Task goal — A word-for-word repetition of the records beneath this task is the expected answer.

Source information —
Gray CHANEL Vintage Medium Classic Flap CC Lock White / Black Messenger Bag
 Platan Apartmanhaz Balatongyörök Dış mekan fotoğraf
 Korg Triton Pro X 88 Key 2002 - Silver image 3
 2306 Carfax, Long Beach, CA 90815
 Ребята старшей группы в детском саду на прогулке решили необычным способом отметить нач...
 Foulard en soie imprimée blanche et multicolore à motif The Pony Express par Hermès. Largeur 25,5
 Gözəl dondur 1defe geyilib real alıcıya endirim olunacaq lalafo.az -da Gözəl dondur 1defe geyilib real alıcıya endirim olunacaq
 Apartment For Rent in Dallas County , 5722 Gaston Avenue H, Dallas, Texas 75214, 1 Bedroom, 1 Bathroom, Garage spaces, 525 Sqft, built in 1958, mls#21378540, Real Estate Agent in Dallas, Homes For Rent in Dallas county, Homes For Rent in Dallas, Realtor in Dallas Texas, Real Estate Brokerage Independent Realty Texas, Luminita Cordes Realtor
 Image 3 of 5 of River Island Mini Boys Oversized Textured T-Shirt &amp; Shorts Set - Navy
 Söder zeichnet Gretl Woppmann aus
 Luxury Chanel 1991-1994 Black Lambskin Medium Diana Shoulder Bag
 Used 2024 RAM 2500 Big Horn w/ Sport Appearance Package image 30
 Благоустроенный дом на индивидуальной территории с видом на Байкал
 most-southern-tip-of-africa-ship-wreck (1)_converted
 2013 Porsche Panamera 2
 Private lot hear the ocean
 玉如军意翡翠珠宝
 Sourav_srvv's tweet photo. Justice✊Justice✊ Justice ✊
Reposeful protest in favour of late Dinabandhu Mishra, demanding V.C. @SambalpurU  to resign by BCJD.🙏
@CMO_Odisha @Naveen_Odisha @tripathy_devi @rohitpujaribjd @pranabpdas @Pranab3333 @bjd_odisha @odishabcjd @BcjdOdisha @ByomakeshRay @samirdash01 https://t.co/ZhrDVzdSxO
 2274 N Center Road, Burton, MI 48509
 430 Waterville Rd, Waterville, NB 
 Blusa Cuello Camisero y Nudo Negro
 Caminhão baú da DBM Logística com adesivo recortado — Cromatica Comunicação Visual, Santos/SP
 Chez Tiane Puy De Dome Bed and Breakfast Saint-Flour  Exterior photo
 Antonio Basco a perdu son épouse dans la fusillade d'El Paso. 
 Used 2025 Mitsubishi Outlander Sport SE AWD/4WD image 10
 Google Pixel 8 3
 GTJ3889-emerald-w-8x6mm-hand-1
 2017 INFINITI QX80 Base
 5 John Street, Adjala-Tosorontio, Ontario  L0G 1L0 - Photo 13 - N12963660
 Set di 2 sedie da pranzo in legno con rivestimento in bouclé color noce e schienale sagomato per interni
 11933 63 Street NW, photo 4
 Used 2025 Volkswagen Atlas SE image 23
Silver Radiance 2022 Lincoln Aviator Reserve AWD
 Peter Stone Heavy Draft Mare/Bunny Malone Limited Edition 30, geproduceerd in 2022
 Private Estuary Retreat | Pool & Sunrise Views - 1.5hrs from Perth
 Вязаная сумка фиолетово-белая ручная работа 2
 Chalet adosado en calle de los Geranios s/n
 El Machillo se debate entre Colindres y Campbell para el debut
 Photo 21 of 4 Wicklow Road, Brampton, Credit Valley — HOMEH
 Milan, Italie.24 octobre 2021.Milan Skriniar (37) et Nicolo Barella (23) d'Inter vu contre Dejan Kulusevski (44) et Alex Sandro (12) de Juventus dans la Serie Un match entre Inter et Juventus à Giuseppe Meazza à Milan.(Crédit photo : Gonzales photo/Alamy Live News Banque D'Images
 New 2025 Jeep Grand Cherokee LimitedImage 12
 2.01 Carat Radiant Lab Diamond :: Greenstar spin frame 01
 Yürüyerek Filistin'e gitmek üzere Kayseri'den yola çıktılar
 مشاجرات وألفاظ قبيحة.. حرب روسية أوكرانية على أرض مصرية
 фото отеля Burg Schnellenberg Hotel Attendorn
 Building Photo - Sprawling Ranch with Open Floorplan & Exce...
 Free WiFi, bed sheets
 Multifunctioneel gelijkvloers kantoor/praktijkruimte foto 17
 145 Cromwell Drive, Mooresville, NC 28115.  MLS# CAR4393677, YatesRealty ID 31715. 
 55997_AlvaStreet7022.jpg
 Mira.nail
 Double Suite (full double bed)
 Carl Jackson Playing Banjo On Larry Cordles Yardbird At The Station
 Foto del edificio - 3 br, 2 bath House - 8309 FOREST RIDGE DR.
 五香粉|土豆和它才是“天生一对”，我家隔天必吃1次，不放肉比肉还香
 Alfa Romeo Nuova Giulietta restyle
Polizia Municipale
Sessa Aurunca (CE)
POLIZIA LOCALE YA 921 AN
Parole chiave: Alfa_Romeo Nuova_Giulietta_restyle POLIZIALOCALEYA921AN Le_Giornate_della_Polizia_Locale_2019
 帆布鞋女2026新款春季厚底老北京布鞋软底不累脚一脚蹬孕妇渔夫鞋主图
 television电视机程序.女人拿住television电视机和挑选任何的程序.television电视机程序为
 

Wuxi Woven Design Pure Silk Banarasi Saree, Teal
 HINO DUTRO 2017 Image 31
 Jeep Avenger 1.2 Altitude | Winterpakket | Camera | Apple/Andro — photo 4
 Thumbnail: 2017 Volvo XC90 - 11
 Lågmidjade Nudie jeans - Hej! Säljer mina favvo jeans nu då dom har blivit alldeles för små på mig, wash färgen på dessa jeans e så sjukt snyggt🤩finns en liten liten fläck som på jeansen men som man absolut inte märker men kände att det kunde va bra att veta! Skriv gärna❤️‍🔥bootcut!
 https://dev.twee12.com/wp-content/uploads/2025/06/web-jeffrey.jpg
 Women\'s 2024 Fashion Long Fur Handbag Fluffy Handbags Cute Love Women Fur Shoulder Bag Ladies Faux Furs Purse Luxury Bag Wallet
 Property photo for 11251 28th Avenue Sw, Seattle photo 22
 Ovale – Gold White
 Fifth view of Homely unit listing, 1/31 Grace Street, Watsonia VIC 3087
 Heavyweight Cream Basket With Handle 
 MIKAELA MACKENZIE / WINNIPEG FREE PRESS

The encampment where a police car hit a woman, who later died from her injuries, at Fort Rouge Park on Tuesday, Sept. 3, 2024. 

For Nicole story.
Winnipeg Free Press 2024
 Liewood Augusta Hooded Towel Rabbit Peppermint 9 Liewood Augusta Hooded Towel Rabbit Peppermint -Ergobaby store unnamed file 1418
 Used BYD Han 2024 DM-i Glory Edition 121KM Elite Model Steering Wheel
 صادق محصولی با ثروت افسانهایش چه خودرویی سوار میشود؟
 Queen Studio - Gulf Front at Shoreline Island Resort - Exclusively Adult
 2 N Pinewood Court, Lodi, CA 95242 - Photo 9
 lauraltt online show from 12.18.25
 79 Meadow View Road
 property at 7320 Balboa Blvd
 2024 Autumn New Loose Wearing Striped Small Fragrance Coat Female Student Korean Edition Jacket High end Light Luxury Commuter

Problem solution —
Gray CHANEL Vintage Medium Classic Flap CC Lock White / Black Messenger Bag
 Platan Apartmanhaz Balatongyörök Dış mekan fotoğraf
 Korg Triton Pro X 88 Key 2002 - Silver image 3
 2306 Carfax, Long Beach, CA 90815
 Ребята старшей группы в детском саду на прогулке решили необычным способом отметить нач...
 Foulard en soie imprimée blanche et multicolore à motif The Pony Express par Hermès. Largeur 25,5
 Gözəl dondur 1defe geyilib real alıcıya endirim olunacaq lalafo.az -da Gözəl dondur 1defe geyilib real alıcıya endirim olunacaq
 Apartment For Rent in Dallas County , 5722 Gaston Avenue H, Dallas, Texas 75214, 1 Bedroom, 1 Bathroom, Garage spaces, 525 Sqft, built in 1958, mls#21378540, Real Estate Agent in Dallas, Homes For Rent in Dallas county, Homes For Rent in Dallas, Realtor in Dallas Texas, Real Estate Brokerage Independent Realty Texas, Luminita Cordes Realtor
 Image 3 of 5 of River Island Mini Boys Oversized Textured T-Shirt &amp; Shorts Set - Navy
 Söder zeichnet Gretl Woppmann aus
 Luxury Chanel 1991-1994 Black Lambskin Medium Diana Shoulder Bag
 Used 2024 RAM 2500 Big Horn w/ Sport Appearance Package image 30
 Благоустроенный дом на индивидуальной территории с видом на Байкал
 most-southern-tip-of-africa-ship-wreck (1)_converted
 2013 Porsche Panamera 2
 Private lot hear the ocean
 玉如军意翡翠珠宝
 Sourav_srvv's tweet photo. Justice✊Justice✊ Justice ✊
Reposeful protest in favour of late Dinabandhu Mishra, demanding V.C. @SambalpurU  to resign by BCJD.🙏
@CMO_Odisha @Naveen_Odisha @tripathy_devi @rohitpujaribjd @pranabpdas @Pranab3333 @bjd_odisha @odishabcjd @BcjdOdisha @ByomakeshRay @samirdash01 https://t.co/ZhrDVzdSxO
 2274 N Center Road, Burton, MI 48509
 430 Waterville Rd, Waterville, NB 
 Blusa Cuello Camisero y Nudo Negro
 Caminhão baú da DBM Logística com adesivo recortado — Cromatica Comunicação Visual, Santos/SP
 Chez Tiane Puy De Dome Bed and Breakfast Saint-Flour  Exterior photo
 Antonio Basco a perdu son épouse dans la fusillade d'El Paso. 
 Used 2025 Mitsubishi Outlander Sport SE AWD/4WD image 10
 Google Pixel 8 3
 GTJ3889-emerald-w-8x6mm-hand-1
 2017 INFINITI QX80 Base
 5 John Street, Adjala-Tosorontio, Ontario  L0G 1L0 - Photo 13 - N12963660
 Set di 2 sedie da pranzo in legno con rivestimento in bouclé color noce e schienale sagomato per interni
 11933 63 Street NW, photo 4
 Used 2025 Volkswagen Atlas SE image 23
Silver Radiance 2022 Lincoln Aviator Reserve AWD
 Peter Stone Heavy Draft Mare/Bunny Malone Limited Edition 30, geproduceerd in 2022
 Private Estuary Retreat | Pool & Sunrise Views - 1.5hrs from Perth
 Вязаная сумка фиолетово-белая ручная работа 2
 Chalet adosado en calle de los Geranios s/n
 El Machillo se debate entre Colindres y Campbell para el debut
 Photo 21 of 4 Wicklow Road, Brampton, Credit Valley — HOMEH
 Milan, Italie.24 octobre 2021.Milan Skriniar (37) et Nicolo Barella (23) d'Inter vu contre Dejan Kulusevski (44) et Alex Sandro (12) de Juventus dans la Serie Un match entre Inter et Juventus à Giuseppe Meazza à Milan.(Crédit photo : Gonzales photo/Alamy Live News Banque D'Images
 New 2025 Jeep Grand Cherokee LimitedImage 12
 2.01 Carat Radiant Lab Diamond :: Greenstar spin frame 01
 Yürüyerek Filistin'e gitmek üzere Kayseri'den yola çıktılar
 مشاجرات وألفاظ قبيحة.. حرب روسية أوكرانية على أرض مصرية
 фото отеля Burg Schnellenberg Hotel Attendorn
 Building Photo - Sprawling Ranch with Open Floorplan & Exce...
 Free WiFi, bed sheets
 Multifunctioneel gelijkvloers kantoor/praktijkruimte foto 17
 145 Cromwell Drive, Mooresville, NC 28115.  MLS# CAR4393677, YatesRealty ID 31715. 
 55997_AlvaStreet7022.jpg
 Mira.nail
 Double Suite (full double bed)
 Carl Jackson Playing Banjo On Larry Cordles Yardbird At The Station
 Foto del edificio - 3 br, 2 bath House - 8309 FOREST RIDGE DR.
 五香粉|土豆和它才是“天生一对”，我家隔天必吃1次，不放肉比肉还香
 Alfa Romeo Nuova Giulietta restyle
Polizia Municipale
Sessa Aurunca (CE)
POLIZIA LOCALE YA 921 AN
Parole chiave: Alfa_Romeo Nuova_Giulietta_restyle POLIZIALOCALEYA921AN Le_Giornate_della_Polizia_Locale_2019
 帆布鞋女2026新款春季厚底老北京布鞋软底不累脚一脚蹬孕妇渔夫鞋主图
 television电视机程序.女人拿住television电视机和挑选任何的程序.television电视机程序为
 

Wuxi Woven Design Pure Silk Banarasi Saree, Teal
 HINO DUTRO 2017 Image 31
 Jeep Avenger 1.2 Altitude | Winterpakket | Camera | Apple/Andro — photo 4
 Thumbnail: 2017 Volvo XC90 - 11
 Lågmidjade Nudie jeans - Hej! Säljer mina favvo jeans nu då dom har blivit alldeles för små på mig, wash färgen på dessa jeans e så sjukt snyggt🤩finns en liten liten fläck som på jeansen men som man absolut inte märker men kände att det kunde va bra att veta! Skriv gärna❤️‍🔥bootcut!
 https://dev.twee12.com/wp-content/uploads/2025/06/web-jeffrey.jpg
 Women\'s 2024 Fashion Long Fur Handbag Fluffy Handbags Cute Love Women Fur Shoulder Bag Ladies Faux Furs Purse Luxury Bag Wallet
 Property photo for 11251 28th Avenue Sw, Seattle photo 22
 Ovale – Gold White
 Fifth view of Homely unit listing, 1/31 Grace Street, Watsonia VIC 3087
 Heavyweight Cream Basket With Handle 
 MIKAELA MACKENZIE / WINNIPEG FREE PRESS

The encampment where a police car hit a woman, who later died from her injuries, at Fort Rouge Park on Tuesday, Sept. 3, 2024. 

For Nicole story.
Winnipeg Free Press 2024
 Liewood Augusta Hooded Towel Rabbit Peppermint 9 Liewood Augusta Hooded Towel Rabbit Peppermint -Ergobaby store unnamed file 1418
 Used BYD Han 2024 DM-i Glory Edition 121KM Elite Model Steering Wheel
 صادق محصولی با ثروت افسانهایش چه خودرویی سوار میشود؟
 Queen Studio - Gulf Front at Shoreline Island Resort - Exclusively Adult
 2 N Pinewood Court, Lodi, CA 95242 - Photo 9
 lauraltt online show from 12.18.25
 79 Meadow View Road
 property at 7320 Balboa Blvd
 2024 Autumn New Loose Wearing Striped Small Fragrance Coat Female Student Korean Edition Jacket High end Light Luxury Commuter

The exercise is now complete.